Une nouvelle fois, cette question des vaccins entraîne une perte du lien social. Si les manifestants se retrouvaient auparavant dans les bars pour échanger, il faut avoir en tête que c’est un lieu public qui leur est fermé. Les anti-passes sanitaires, et anti-politiques liberticides se retrouvent notamment ostracisés de nouveaux lieux de rencontres.

La question est alors de savoir si ces restaurateurs ont pu faire remonter leurs inquiétudes aux politiques ? Seuls les syndicats ont pu discuter avec ces derniers, et tous ne se trouvent pas représentés par ces organisations. Selon les propriétaires de ces lieux, on observe certaines différences, certains jugent simplement que les syndicats portent suffisamment bien leurs intérêts, d’autres attestent qu’ils ne représentent que les grandes entreprises de restaurations.

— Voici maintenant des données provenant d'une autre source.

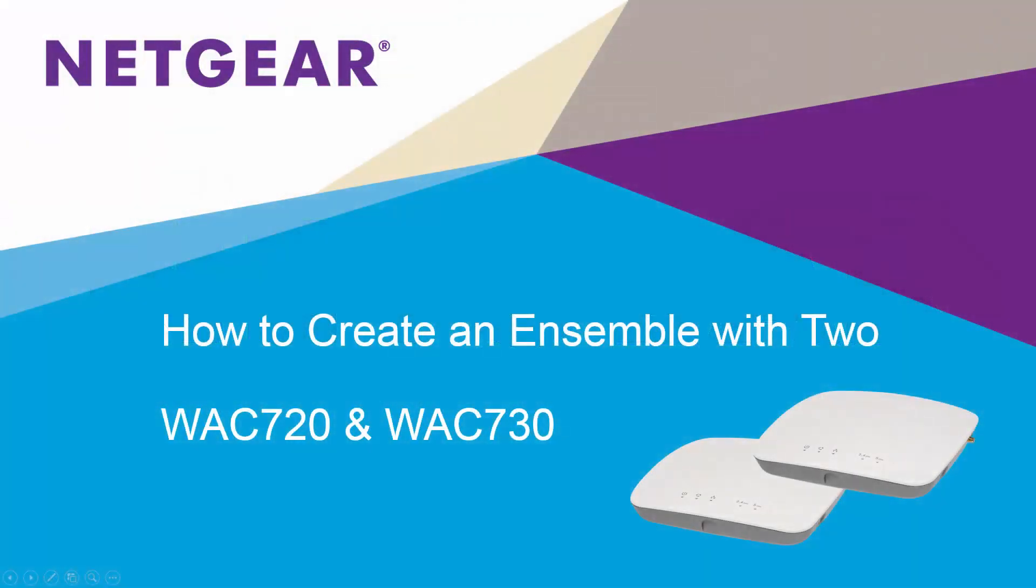Hi everybody, today we're going to demonstrate how easy it is to create an ensemble between two Netgear ProSafe WAC720 wireless access points.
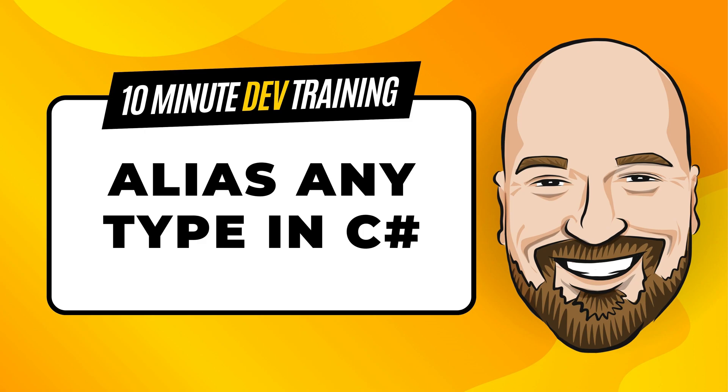In C-Sharp, you can use the using directive to shorten a command. For example, instead of saying system.console.writeline, you can use the using system directive and then just call console.writeline.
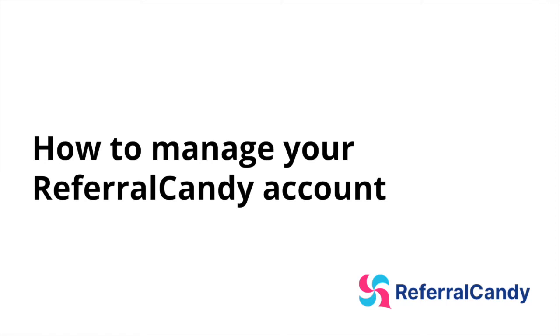Hi there! In this video we're going to show you how to manage your ReferralCandy account and what some of the most common tasks you'll likely encounter on a regular basis are.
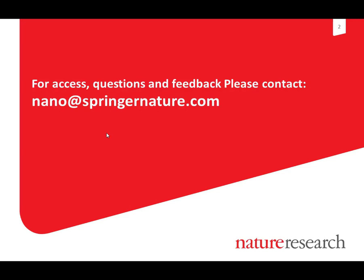To request access and find out more about Nano, feel free to contact us by sending an email to nano@springernature.com. Thank you for watching this video.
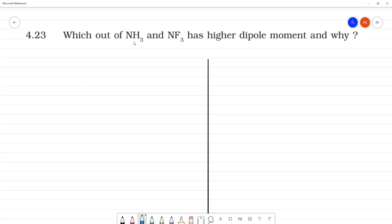Which out of NH3 and NF3 has higher dipole moment? We compare NH3 and NF3. The dipole moment symbol is mu.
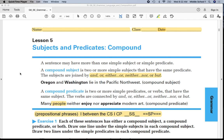Good morning eighth grade. Please find lesson five: subjects and predicates, compound. At the top of this paper, please put your full name, first and last. Next to class, please write the number eight, and for the date please put September 14.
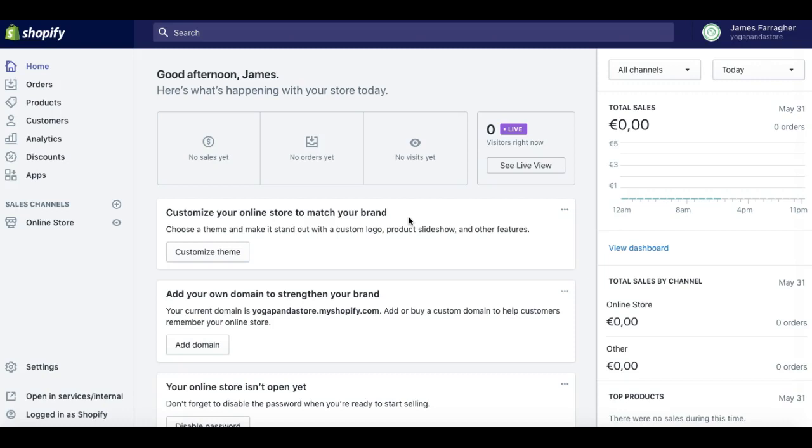Hello, this is James Farher from InternetBizUni.com. In this video, I'm going to be looking at Shopify themes. The areas of focus I'll have is explaining exactly what a Shopify theme is.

« Ils ne nous représentent pas du tout, les syndicats c’est pour les grosses maisons, nous les petits commerçants, on nous laisse mourir à petit feu. […] On ne nous écoute plus, l’Empereur fait ce qu’il veut (en parlant d’Emmanuel Macron). On est tous dans le même bateau les restaurateurs mais on n'a pas les mêmes capacités, ni les même possibilités donc juste laissez-nous faire notre boulot. »

Les restaurateurs ne sont donc pas prêts à quelques le début de l’application de cette loi. Et attendant toujours beaucoup de précisions face à cette règle première dans l’histoire où beaucoup jugent qu’elle a été instiguée sans tenir compte de la réalité de la vie et du travail de ces gérants de bars, serveurs, cuisiniers, etc.